Directions: Copy each line of the records exactly, stopping only after the line that contains "HDMI prailginimo kabelis" has been written, and leave pictures out.

═════ Data to examine ═════

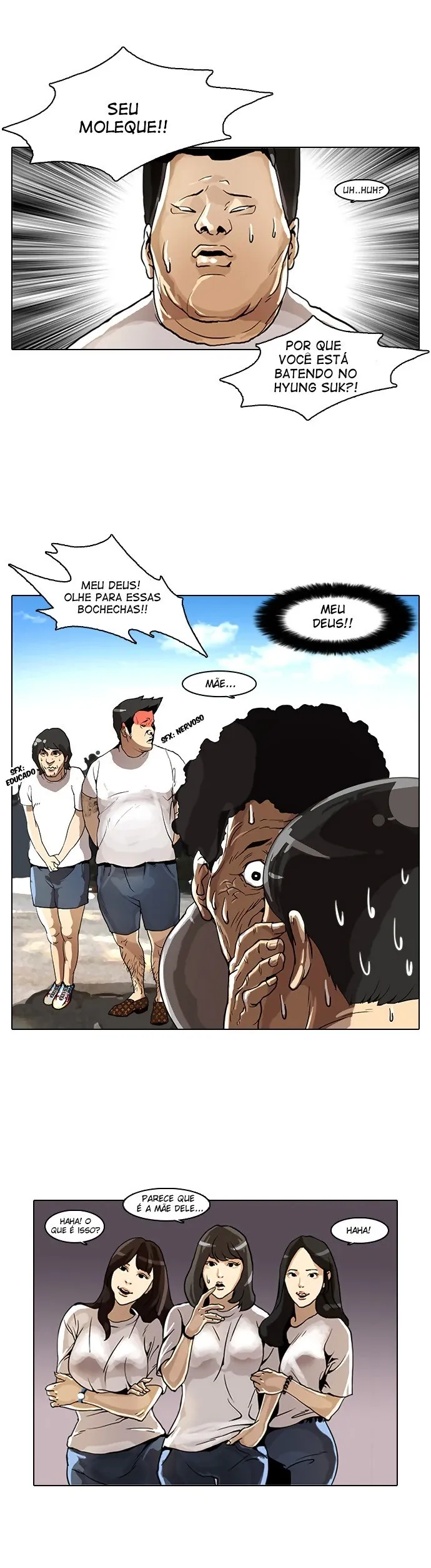 Aparências Capítulo 2 Página 4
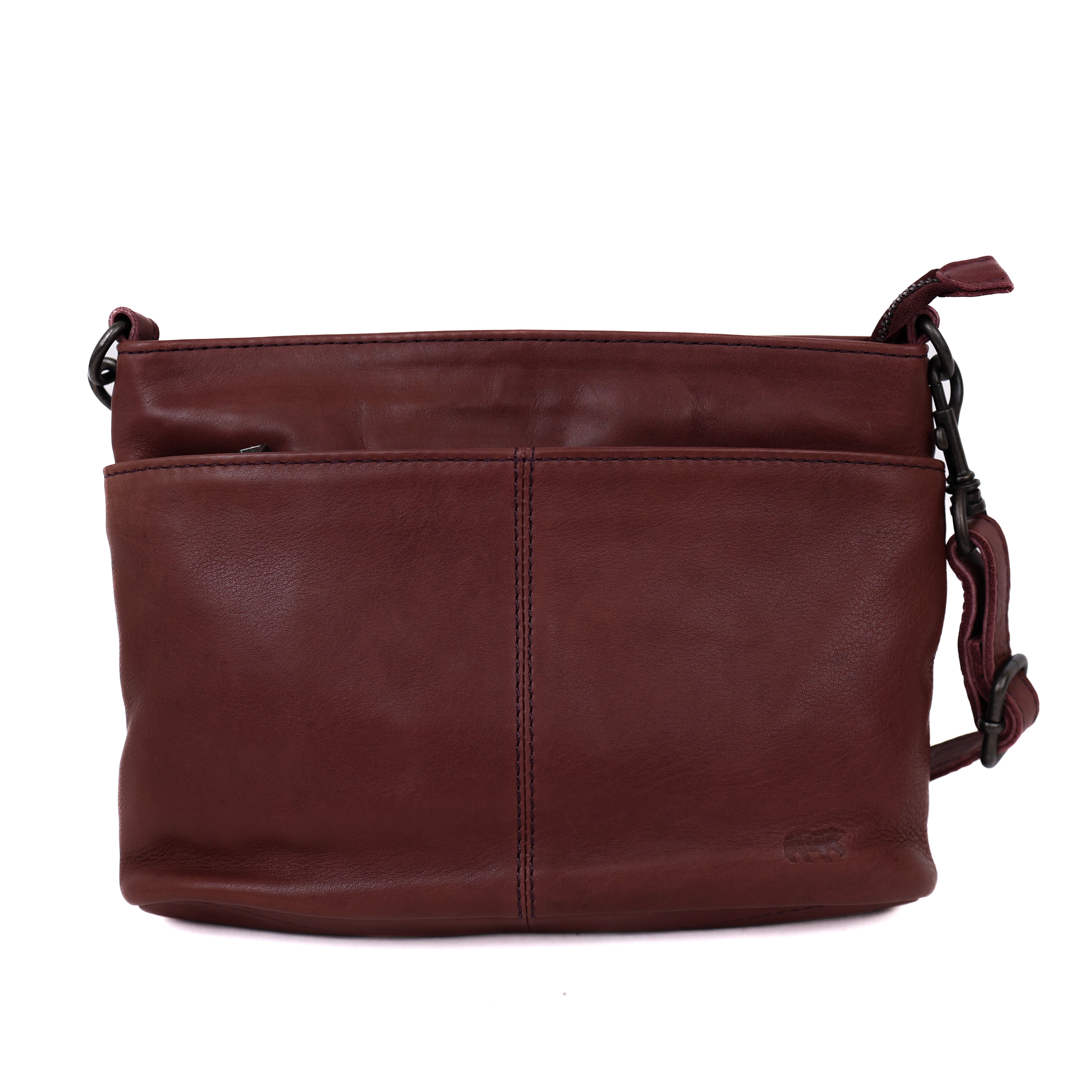 Umhängetasche 'Ashley' Bordeaux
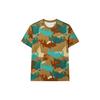 New FILA T Shirts Men's All Over Print F11M248108F-ZA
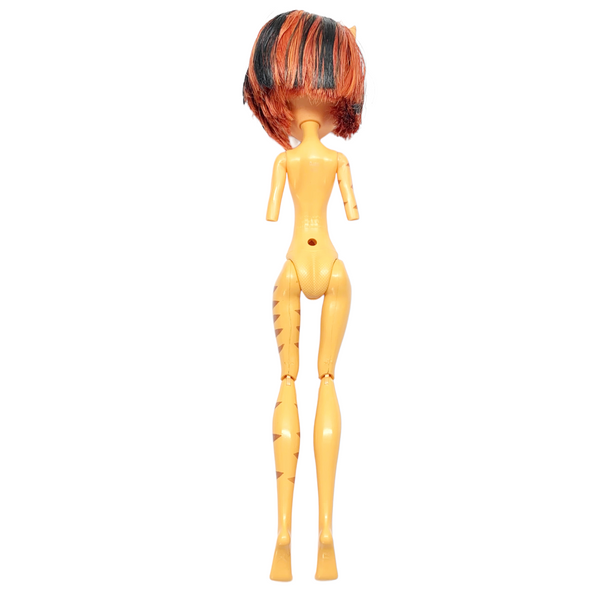 Monster High Fierce Rockers Replacement Toralei Stripe Doll Head & Body
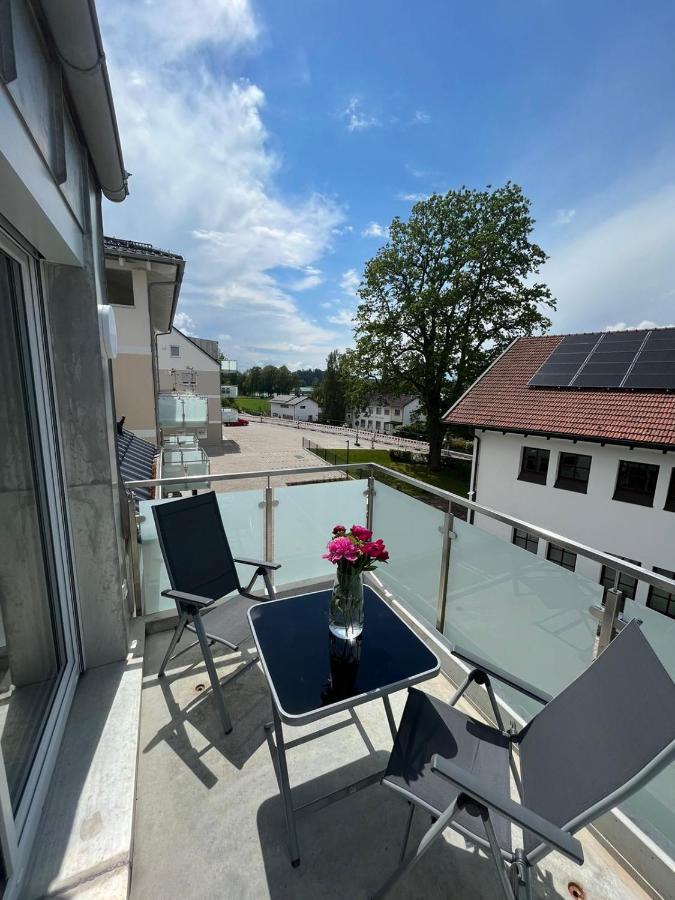 Traumhafte Neue Dachterrassenwohnung Am Soyener See Екстер'єр фото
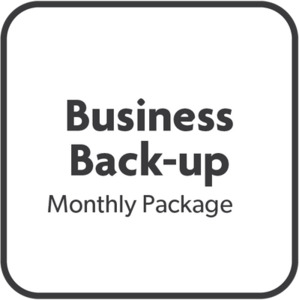 Products: Monthly Business Back-up Package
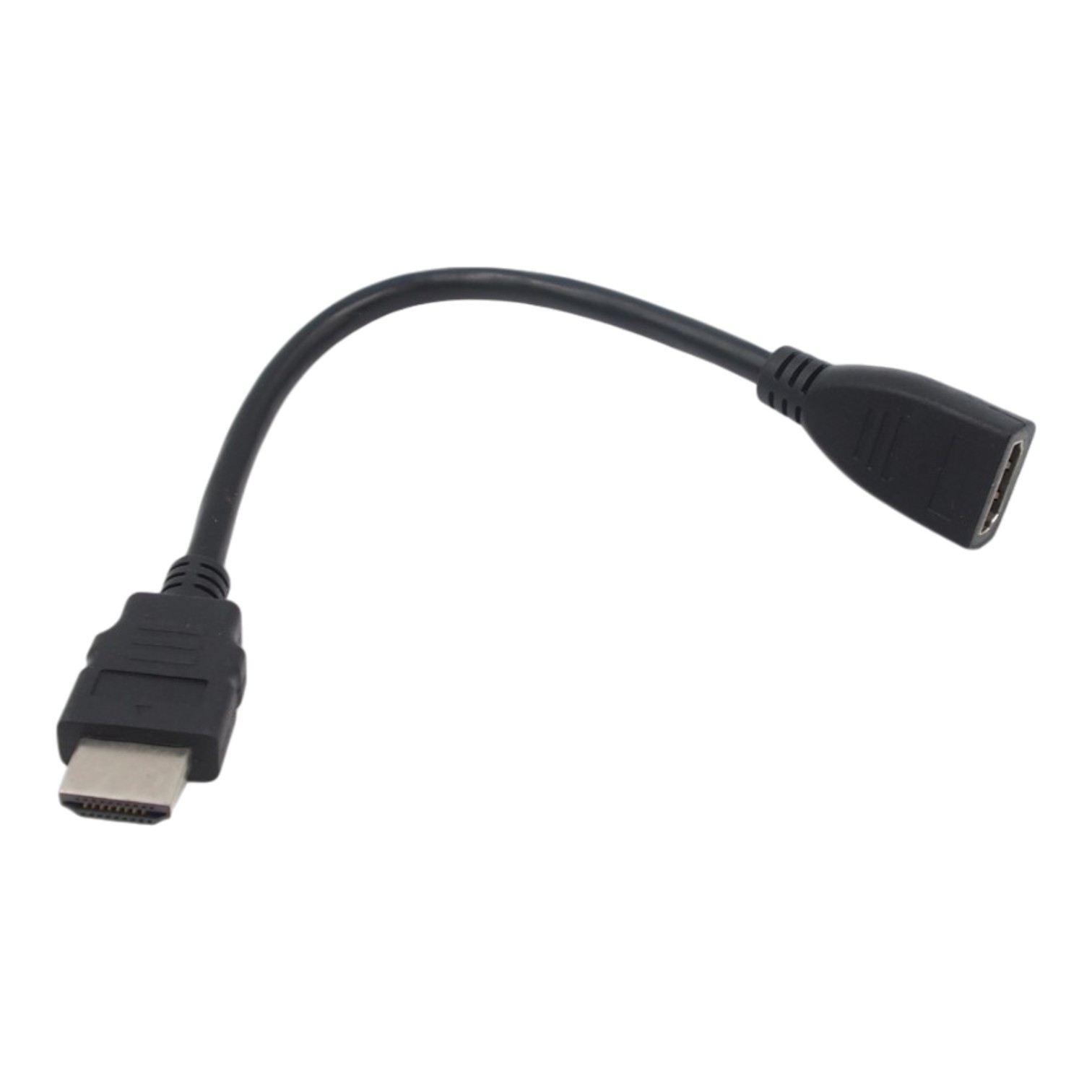 HDMI prailginimo kabelis (HDMI lizdas – HDMI kištukas), 20 cm kaina internetu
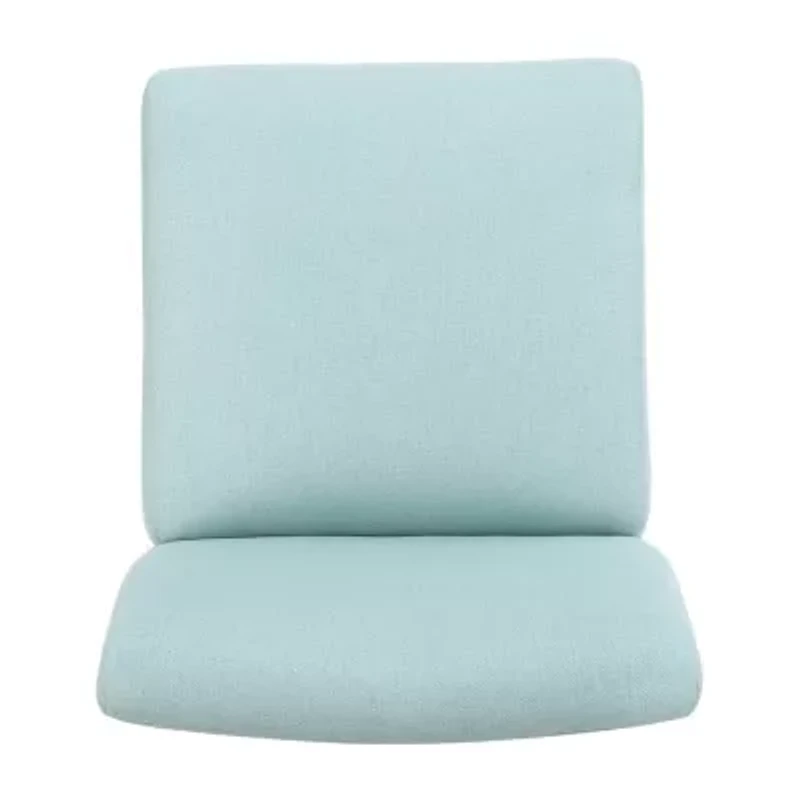 Kassi Upholstered Slipper Chair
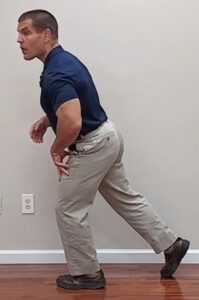 exercise to help if your leg gives out when walking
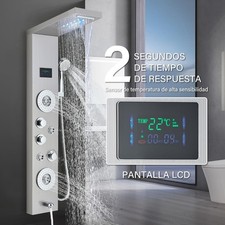 Pannello doccia a LED con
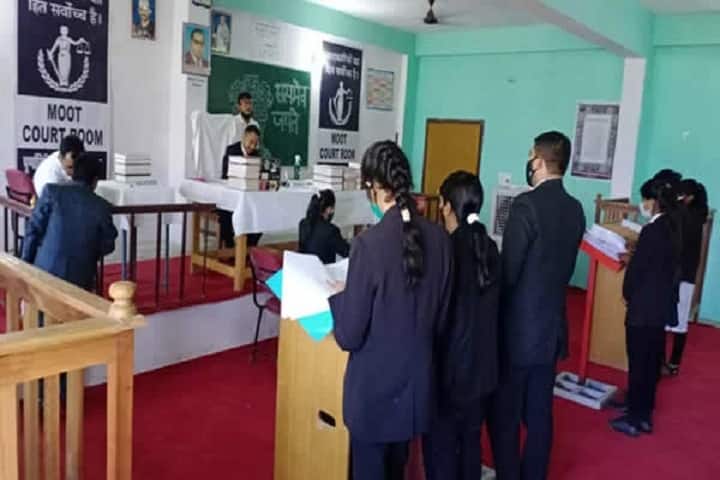 Poornagiri Law College campus in Khatima, Uttarakhand, India — photo 2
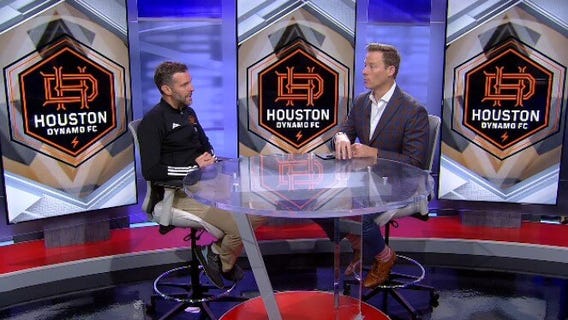 Dynamo head coach Ben Olsen on coaching, World Cup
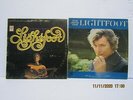2-ALBUMS-GORDON LIGHTFOOT-DID SHE MENTION MY NAME-BACK HERE ON EARTH-UAS RECORDS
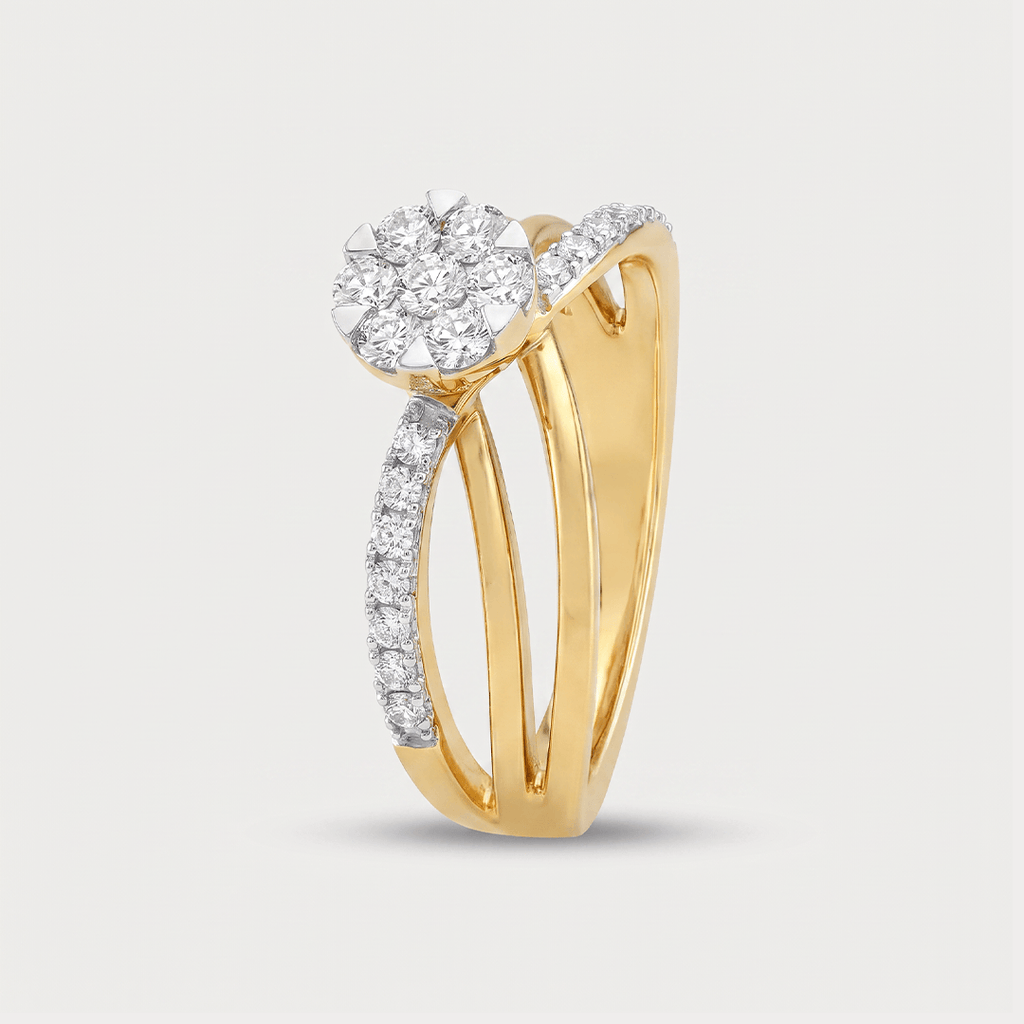 Vesper Diamond Ring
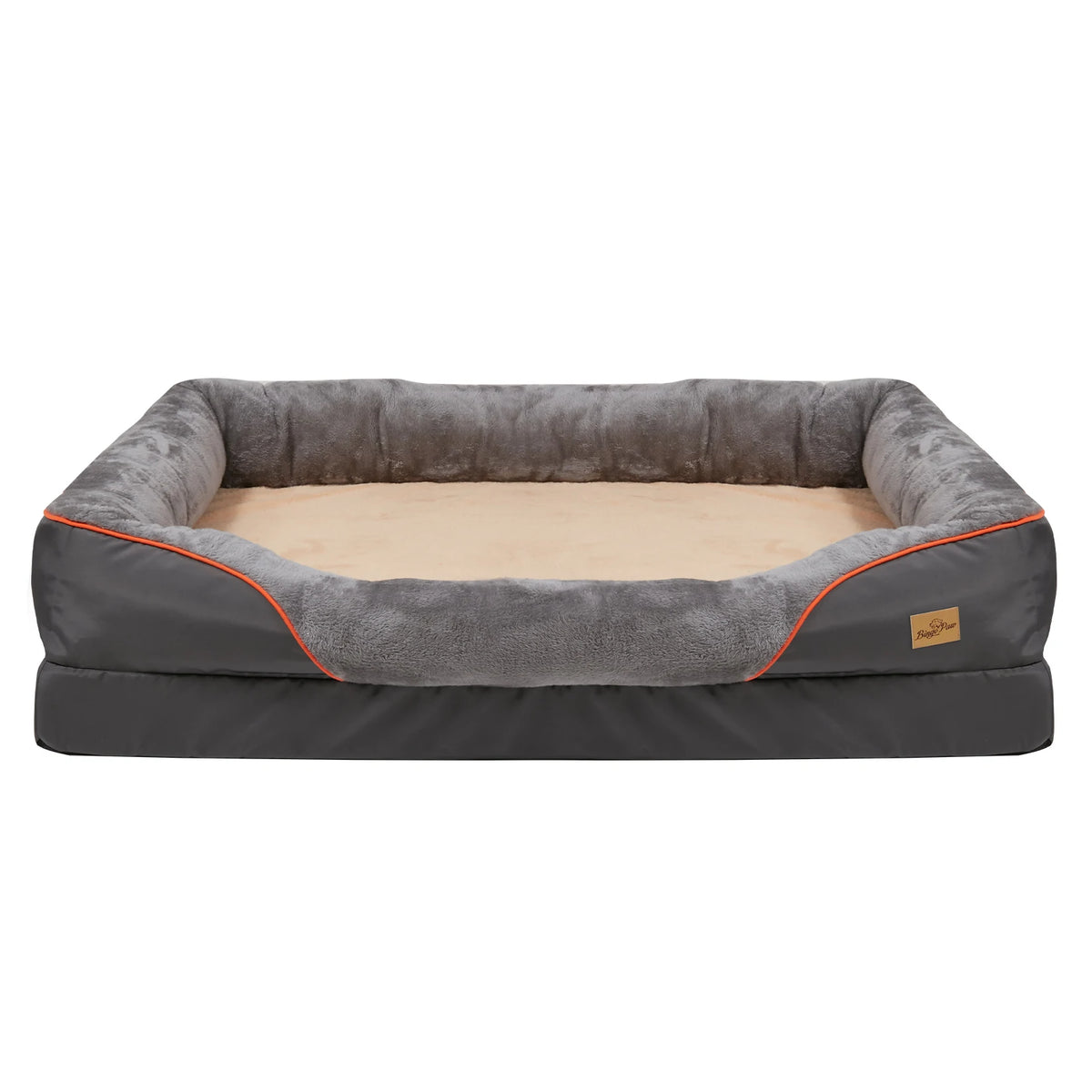 Large Orthopedic Dog Sofa Bed with Waterproof Liner | Washable Cover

═════

Written answer:
 Aparências Capítulo 2 Página 4
 Umhängetasche 'Ashley' Bordeaux
 New FILA T Shirts Men's All Over Print F11M248108F-ZA
 Monster High Fierce Rockers Replacement Toralei Stripe Doll Head & Body
 Traumhafte Neue Dachterrassenwohnung Am Soyener See Екстер'єр фото
 Products: Monthly Business Back-up Package
 HDMI prailginimo kabelis (HDMI lizdas – HDMI kištukas), 20 cm kaina internetu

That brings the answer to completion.